Иоганн дулся на Чумандрина с месяц, а потом принял его приглашение пойти попариться в баню на Большом Казачьем и этим дружеским компромиссом как бы признал закономерность своего поражения. Слава богу, больше ни он, ни Капков пьес из великосветской жизни не писали.
Перед войной мы написали с ним сценарий о подводниках — на материалах финской войны, участником которой он был и за которую его наградили орденом Красной Звезды. Потом сценарий уехал в Алма-Ату вместе со студией, я потерял его из виду. Фильм появился, снятый Александром Ивановым в Баку, в сорок третьем. Иоганна Зельцера уже давно не было в живых. Фильм назывался «Подводная лодка «Т-9».

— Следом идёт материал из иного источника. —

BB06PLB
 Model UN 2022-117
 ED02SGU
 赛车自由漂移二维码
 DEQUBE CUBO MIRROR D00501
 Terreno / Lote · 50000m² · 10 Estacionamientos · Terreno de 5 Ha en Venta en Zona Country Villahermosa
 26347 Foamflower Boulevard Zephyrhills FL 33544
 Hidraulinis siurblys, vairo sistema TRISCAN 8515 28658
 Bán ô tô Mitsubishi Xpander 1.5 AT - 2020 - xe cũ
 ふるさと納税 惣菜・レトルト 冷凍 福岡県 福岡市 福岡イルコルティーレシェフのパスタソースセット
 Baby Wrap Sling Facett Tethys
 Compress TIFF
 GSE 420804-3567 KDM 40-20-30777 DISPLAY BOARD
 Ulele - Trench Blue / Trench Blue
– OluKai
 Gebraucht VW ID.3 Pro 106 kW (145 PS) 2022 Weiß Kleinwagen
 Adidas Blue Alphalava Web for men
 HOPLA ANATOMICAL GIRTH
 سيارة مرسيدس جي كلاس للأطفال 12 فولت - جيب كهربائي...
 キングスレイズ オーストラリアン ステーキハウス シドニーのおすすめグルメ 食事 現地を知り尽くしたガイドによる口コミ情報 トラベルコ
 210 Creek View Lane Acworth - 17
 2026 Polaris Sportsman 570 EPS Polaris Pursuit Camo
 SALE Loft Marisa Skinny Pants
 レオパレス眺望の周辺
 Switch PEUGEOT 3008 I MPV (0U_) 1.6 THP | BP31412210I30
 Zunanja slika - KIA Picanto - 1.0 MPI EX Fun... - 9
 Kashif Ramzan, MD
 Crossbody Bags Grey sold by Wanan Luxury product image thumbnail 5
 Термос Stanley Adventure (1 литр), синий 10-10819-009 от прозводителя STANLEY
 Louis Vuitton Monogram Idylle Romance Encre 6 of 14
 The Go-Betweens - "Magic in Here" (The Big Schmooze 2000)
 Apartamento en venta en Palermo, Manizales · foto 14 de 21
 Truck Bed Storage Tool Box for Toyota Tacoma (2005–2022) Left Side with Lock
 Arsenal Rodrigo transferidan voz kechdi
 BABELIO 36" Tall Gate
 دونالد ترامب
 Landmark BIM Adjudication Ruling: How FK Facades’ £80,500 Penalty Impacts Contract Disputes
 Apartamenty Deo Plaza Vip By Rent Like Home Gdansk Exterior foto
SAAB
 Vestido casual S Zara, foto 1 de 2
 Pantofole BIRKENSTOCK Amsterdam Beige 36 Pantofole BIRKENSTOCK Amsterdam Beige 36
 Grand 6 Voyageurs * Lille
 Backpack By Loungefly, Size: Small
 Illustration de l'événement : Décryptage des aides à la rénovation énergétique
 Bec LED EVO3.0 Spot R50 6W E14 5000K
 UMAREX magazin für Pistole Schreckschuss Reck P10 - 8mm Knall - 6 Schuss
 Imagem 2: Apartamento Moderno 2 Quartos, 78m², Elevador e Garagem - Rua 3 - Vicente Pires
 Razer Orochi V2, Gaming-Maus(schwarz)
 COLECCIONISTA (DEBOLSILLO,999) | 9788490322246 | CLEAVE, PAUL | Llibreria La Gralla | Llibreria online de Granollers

…Началась война, и Иоганн, забыв о своих картинах в золотых рамах, не оглянувшись на свой столик с фаворитками, пошел на фронт, как был, заступил матросскую, комиссарскую вахту, с начала и до конца держа, подобно Комиссару из любимейшей им «Оптимистической трагедии», марку советского Военно-Морского Флота. «Форс не теряй, в зубах ковыряй, люди подумают — мясо куш-шал»… «Любимец корабля погиб», — сказал мне с печалью комиссар «Марата», у которого я справлялся о подробностях гибели друга.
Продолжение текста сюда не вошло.